TASK BRIEF -> Write out the material below exactly, beginning at the line that contains "1998 Nissan Frontier - Photo 10" and ending with its last line, both ends included; write nothing else.

PROVIDED DATA ->
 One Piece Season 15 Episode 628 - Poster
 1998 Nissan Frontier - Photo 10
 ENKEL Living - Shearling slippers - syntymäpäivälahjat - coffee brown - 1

ANSWER SECTION ->
 1998 Nissan Frontier - Photo 10
 ENKEL Living - Shearling slippers - syntymäpäivälahjat - coffee brown - 1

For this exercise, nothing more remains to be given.